_REQUIRED WORK_. Every line of the records below from the line with "A06B-6096-H307 Second-hand tested" up to and including the line with "2 bed Caravan" must be reproduced exactly, and no line outside that range.

DATA IN THIS EXERCISE section start

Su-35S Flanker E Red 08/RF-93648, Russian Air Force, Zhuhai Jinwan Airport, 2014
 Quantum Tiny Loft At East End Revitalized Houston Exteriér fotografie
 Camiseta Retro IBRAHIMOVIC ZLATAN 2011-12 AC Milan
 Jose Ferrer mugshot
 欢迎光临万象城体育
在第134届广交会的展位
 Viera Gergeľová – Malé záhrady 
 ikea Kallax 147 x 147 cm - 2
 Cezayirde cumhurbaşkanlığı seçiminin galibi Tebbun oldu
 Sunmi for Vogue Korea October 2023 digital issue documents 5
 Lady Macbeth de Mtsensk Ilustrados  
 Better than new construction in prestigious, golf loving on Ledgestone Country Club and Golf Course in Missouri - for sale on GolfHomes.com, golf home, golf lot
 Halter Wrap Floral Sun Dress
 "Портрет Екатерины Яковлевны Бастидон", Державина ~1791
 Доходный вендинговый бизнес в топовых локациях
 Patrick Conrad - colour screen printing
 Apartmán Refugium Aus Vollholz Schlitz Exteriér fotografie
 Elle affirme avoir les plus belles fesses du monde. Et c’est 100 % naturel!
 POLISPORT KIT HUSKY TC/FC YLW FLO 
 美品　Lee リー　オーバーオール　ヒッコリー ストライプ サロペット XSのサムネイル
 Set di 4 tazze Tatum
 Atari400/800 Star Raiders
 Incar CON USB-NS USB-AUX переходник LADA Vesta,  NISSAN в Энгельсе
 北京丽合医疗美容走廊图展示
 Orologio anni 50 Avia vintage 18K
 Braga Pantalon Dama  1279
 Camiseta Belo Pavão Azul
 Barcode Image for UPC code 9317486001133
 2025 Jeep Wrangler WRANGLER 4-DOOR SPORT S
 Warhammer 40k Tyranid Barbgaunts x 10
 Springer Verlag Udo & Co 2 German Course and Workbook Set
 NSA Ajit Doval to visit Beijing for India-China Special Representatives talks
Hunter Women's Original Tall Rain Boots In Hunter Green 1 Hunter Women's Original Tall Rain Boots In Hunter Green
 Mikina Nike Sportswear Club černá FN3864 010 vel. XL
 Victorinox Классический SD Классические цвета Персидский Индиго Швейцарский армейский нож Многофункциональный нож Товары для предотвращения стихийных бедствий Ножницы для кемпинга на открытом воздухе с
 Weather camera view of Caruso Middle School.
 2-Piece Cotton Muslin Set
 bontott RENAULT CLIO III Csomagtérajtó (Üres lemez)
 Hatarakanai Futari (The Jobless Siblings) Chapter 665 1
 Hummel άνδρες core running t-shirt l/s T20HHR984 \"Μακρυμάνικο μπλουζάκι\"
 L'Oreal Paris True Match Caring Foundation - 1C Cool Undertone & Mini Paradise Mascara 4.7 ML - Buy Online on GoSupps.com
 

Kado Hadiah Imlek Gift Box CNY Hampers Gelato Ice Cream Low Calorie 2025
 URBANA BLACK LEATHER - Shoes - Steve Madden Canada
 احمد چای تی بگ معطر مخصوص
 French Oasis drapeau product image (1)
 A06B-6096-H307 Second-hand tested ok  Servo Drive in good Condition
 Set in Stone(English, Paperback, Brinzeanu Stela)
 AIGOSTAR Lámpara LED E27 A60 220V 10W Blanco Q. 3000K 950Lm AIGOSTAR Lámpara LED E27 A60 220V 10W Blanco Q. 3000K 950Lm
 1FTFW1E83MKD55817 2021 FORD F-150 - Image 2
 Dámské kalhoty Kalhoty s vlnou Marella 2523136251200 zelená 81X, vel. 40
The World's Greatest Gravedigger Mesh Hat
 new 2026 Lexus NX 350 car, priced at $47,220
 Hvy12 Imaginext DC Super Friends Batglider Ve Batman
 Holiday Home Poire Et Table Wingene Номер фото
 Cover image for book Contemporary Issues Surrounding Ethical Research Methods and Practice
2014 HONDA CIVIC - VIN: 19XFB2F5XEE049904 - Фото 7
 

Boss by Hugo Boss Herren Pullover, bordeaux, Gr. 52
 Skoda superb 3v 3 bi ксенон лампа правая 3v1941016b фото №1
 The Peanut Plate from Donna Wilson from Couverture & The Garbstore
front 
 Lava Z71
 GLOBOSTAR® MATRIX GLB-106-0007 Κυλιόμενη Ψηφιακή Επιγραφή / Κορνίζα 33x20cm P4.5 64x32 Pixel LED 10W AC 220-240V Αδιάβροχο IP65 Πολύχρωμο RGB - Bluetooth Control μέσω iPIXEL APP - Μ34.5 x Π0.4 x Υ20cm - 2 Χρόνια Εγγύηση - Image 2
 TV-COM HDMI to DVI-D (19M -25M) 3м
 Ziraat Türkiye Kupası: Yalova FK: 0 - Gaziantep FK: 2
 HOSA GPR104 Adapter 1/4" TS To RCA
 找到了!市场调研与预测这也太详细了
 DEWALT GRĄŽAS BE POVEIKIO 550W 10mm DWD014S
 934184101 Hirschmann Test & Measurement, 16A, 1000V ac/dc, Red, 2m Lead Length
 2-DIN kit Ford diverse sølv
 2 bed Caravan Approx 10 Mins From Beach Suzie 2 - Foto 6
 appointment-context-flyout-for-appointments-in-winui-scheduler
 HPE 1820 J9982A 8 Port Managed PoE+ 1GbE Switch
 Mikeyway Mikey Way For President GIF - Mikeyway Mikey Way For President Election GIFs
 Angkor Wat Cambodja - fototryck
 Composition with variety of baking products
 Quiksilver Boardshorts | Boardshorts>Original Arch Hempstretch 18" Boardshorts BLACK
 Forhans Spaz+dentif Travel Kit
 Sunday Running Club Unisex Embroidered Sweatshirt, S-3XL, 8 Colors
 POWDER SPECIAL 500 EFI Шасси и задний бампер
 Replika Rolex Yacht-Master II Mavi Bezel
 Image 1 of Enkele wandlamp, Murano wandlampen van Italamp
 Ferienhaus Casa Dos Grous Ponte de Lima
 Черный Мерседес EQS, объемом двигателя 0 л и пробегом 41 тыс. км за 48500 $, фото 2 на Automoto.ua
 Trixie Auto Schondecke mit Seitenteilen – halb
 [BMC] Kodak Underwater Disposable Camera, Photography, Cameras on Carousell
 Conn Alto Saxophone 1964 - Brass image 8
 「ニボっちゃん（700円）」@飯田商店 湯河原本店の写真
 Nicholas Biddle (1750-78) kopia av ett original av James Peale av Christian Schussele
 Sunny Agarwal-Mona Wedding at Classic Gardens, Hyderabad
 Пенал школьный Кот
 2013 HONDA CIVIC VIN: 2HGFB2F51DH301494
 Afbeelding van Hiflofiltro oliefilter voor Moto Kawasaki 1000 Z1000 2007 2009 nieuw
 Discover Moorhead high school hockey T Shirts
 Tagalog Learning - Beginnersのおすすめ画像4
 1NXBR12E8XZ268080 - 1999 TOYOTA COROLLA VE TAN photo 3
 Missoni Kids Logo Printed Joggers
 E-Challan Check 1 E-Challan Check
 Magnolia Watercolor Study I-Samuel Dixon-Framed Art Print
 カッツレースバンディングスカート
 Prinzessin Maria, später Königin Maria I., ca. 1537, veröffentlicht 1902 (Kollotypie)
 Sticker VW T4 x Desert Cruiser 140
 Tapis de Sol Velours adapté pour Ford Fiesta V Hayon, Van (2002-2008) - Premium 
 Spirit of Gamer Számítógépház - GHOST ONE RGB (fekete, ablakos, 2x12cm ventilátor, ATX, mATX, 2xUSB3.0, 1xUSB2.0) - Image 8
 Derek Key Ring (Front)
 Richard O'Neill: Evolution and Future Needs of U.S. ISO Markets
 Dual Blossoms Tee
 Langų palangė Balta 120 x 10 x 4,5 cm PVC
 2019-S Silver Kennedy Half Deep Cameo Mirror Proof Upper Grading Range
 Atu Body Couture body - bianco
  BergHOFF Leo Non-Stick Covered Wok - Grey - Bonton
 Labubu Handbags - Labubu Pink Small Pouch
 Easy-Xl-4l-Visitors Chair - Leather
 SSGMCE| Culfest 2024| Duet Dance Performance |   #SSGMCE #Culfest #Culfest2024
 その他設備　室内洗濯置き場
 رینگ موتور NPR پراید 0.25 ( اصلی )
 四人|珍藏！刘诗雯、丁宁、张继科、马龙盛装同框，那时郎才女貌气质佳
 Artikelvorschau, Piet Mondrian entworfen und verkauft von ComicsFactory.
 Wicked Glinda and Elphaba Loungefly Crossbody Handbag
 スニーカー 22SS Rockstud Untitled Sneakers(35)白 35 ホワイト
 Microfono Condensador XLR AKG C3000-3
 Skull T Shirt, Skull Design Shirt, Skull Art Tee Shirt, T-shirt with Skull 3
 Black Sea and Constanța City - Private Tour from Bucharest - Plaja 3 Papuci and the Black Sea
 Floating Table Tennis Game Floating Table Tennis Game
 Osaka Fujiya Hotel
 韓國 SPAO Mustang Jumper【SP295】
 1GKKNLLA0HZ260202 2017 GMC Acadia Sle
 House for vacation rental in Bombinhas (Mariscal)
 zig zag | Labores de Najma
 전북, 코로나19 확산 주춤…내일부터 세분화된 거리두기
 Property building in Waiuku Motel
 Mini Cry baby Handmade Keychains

DATA IN THIS EXERCISE section end

_RESULT OF THE EXERCISE_.
 A06B-6096-H307 Second-hand tested ok  Servo Drive in good Condition
 Set in Stone(English, Paperback, Brinzeanu Stela)
 AIGOSTAR Lámpara LED E27 A60 220V 10W Blanco Q. 3000K 950Lm AIGOSTAR Lámpara LED E27 A60 220V 10W Blanco Q. 3000K 950Lm
 1FTFW1E83MKD55817 2021 FORD F-150 - Image 2
 Dámské kalhoty Kalhoty s vlnou Marella 2523136251200 zelená 81X, vel. 40
The World's Greatest Gravedigger Mesh Hat
 new 2026 Lexus NX 350 car, priced at $47,220
 Hvy12 Imaginext DC Super Friends Batglider Ve Batman
 Holiday Home Poire Et Table Wingene Номер фото
 Cover image for book Contemporary Issues Surrounding Ethical Research Methods and Practice
2014 HONDA CIVIC - VIN: 19XFB2F5XEE049904 - Фото 7
 

Boss by Hugo Boss Herren Pullover, bordeaux, Gr. 52
 Skoda superb 3v 3 bi ксенон лампа правая 3v1941016b фото №1
 The Peanut Plate from Donna Wilson from Couverture & The Garbstore
front 
 Lava Z71
 GLOBOSTAR® MATRIX GLB-106-0007 Κυλιόμενη Ψηφιακή Επιγραφή / Κορνίζα 33x20cm P4.5 64x32 Pixel LED 10W AC 220-240V Αδιάβροχο IP65 Πολύχρωμο RGB - Bluetooth Control μέσω iPIXEL APP - Μ34.5 x Π0.4 x Υ20cm - 2 Χρόνια Εγγύηση - Image 2
 TV-COM HDMI to DVI-D (19M -25M) 3м
 Ziraat Türkiye Kupası: Yalova FK: 0 - Gaziantep FK: 2
 HOSA GPR104 Adapter 1/4" TS To RCA
 找到了!市场调研与预测这也太详细了
 DEWALT GRĄŽAS BE POVEIKIO 550W 10mm DWD014S
 934184101 Hirschmann Test & Measurement, 16A, 1000V ac/dc, Red, 2m Lead Length
 2-DIN kit Ford diverse sølv
 2 bed Caravan Approx 10 Mins From Beach Suzie 2 - Foto 6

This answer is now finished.